**Work request**:
Which lines in the records below contain the word "Imagem"? Return each of them.

**Data for review**:
[Start of section]

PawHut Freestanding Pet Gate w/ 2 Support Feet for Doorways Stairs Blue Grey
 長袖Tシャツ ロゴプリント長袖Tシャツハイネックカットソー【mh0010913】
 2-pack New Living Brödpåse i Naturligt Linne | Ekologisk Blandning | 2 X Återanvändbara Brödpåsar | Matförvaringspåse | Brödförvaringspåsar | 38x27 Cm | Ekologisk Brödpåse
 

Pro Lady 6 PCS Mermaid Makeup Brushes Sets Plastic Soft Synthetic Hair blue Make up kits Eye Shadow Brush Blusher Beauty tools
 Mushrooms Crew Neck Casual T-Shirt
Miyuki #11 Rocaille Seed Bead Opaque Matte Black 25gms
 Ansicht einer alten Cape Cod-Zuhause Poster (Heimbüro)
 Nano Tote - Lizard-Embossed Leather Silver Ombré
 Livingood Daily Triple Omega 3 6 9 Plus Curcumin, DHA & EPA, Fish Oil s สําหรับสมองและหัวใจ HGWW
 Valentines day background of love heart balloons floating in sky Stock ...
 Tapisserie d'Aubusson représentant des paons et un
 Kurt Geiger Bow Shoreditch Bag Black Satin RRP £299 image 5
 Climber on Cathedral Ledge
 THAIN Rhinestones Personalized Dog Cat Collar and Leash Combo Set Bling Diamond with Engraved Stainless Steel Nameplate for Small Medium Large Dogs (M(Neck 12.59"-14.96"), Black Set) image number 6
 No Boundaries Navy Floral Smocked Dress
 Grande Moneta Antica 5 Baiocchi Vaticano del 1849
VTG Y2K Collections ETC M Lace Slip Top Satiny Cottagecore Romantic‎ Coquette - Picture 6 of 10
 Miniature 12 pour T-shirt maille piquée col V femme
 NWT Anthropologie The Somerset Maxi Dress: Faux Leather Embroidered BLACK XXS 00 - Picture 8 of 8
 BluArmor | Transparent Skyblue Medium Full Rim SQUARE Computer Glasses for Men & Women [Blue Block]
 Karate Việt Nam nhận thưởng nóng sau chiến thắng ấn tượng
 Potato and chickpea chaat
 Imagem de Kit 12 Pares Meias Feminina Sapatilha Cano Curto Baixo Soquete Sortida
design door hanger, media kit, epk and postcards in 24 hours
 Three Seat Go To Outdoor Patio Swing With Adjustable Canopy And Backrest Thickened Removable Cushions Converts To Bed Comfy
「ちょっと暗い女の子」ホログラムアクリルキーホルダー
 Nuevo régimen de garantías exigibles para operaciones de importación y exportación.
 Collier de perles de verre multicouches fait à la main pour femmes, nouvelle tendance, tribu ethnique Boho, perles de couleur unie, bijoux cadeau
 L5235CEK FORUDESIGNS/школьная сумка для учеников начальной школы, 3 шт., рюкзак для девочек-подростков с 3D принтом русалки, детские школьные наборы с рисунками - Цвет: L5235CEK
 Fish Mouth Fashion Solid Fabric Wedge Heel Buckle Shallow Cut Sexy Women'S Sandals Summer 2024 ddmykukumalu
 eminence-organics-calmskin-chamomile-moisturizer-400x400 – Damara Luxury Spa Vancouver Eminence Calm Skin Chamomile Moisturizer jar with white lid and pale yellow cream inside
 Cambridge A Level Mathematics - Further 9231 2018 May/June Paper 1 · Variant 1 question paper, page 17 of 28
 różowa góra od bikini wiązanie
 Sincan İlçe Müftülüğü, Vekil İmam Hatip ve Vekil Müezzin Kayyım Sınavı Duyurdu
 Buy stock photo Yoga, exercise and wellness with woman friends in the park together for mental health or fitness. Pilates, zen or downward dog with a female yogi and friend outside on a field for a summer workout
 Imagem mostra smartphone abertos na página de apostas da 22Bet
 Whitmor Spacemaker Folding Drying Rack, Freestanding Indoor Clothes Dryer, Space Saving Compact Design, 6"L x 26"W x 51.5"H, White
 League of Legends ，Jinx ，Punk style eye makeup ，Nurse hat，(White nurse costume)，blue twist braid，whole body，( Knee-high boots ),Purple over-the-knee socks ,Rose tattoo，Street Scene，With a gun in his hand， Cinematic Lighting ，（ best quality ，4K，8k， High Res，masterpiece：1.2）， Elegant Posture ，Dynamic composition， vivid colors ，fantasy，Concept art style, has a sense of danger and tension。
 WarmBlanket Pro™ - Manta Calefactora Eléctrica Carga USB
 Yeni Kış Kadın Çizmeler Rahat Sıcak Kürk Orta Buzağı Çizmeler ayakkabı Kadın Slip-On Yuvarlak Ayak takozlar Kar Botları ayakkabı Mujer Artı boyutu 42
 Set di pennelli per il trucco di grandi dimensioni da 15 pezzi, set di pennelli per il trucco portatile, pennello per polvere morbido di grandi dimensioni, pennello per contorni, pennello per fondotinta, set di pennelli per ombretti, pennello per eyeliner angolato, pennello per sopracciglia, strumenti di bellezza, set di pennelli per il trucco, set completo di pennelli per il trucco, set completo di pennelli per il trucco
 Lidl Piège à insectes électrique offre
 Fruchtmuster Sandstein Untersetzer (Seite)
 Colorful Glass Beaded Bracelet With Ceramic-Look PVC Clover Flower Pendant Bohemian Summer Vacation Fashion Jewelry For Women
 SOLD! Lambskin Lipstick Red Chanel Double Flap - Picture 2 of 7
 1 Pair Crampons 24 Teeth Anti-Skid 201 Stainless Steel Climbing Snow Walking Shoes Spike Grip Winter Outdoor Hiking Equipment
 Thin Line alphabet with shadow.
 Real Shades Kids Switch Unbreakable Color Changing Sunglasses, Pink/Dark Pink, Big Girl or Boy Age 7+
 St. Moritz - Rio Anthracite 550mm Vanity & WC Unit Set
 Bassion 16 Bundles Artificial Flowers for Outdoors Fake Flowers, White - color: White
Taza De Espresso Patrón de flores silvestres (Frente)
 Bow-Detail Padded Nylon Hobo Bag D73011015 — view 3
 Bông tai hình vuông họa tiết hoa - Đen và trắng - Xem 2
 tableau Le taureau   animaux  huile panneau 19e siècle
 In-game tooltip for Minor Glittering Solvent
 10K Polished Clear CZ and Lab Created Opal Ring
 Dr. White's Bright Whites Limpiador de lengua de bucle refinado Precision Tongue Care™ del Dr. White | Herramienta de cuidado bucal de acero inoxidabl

[End of section]

**Answer**:
 Imagem de Kit 12 Pares Meias Feminina Sapatilha Cano Curto Baixo Soquete Sortida
 Imagem mostra smartphone abertos na página de apostas da 22Bet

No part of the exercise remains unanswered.